[Short text fragments from websites]
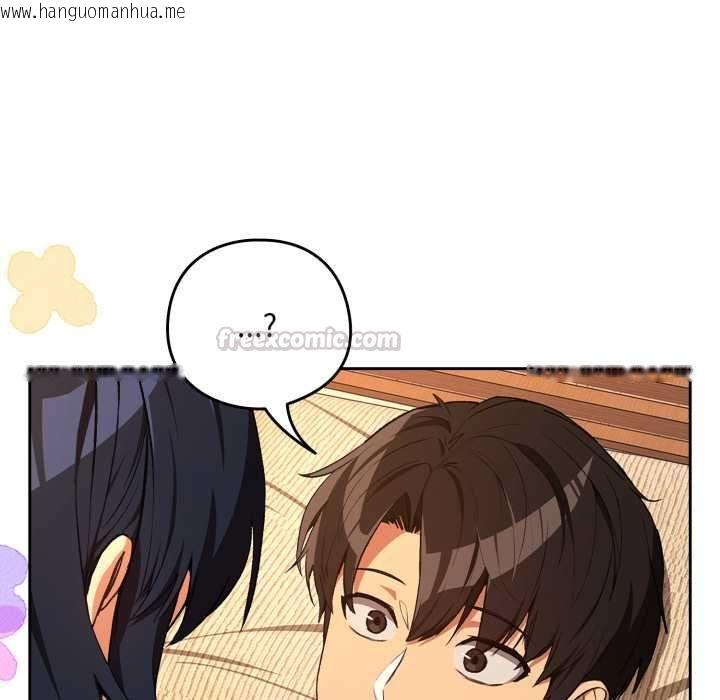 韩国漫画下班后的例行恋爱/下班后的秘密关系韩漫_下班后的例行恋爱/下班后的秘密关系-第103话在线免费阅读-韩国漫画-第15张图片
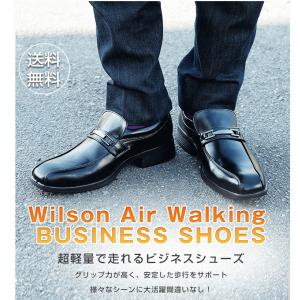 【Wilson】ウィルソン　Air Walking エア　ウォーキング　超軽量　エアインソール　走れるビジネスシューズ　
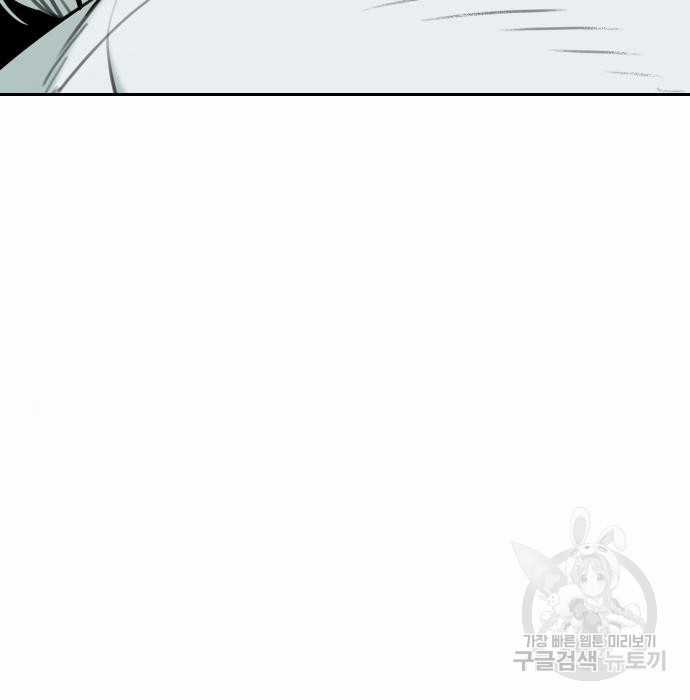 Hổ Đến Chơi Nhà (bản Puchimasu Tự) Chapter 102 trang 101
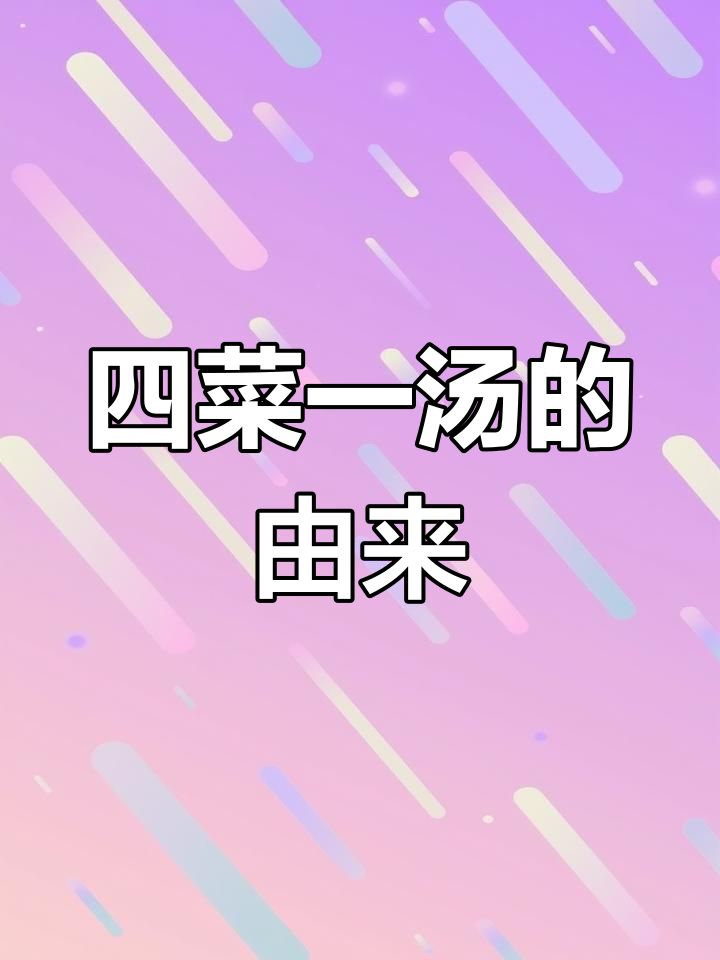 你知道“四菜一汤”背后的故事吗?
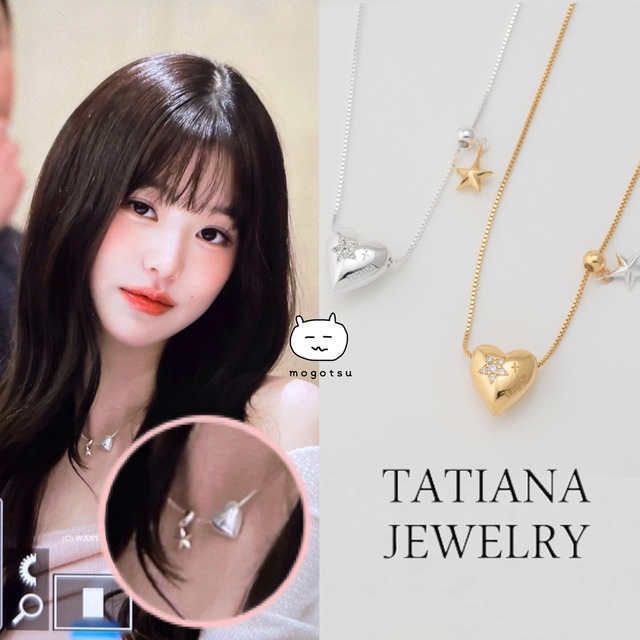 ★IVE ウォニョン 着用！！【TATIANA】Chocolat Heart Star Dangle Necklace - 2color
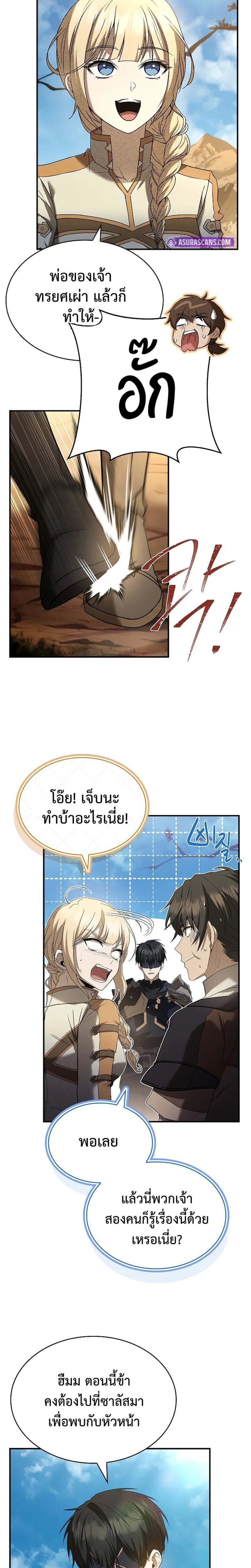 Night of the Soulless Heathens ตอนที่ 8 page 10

## Your goal
No pictures belong in the output. It should reproduce exactly the lines from the one containing "Necklace - 2color" through the end of the data, both ends included.

## Answer for the task
 ★IVE ウォニョン 着用！！【TATIANA】Chocolat Heart Star Dangle Necklace - 2color
 Night of the Soulless Heathens ตอนที่ 8 page 10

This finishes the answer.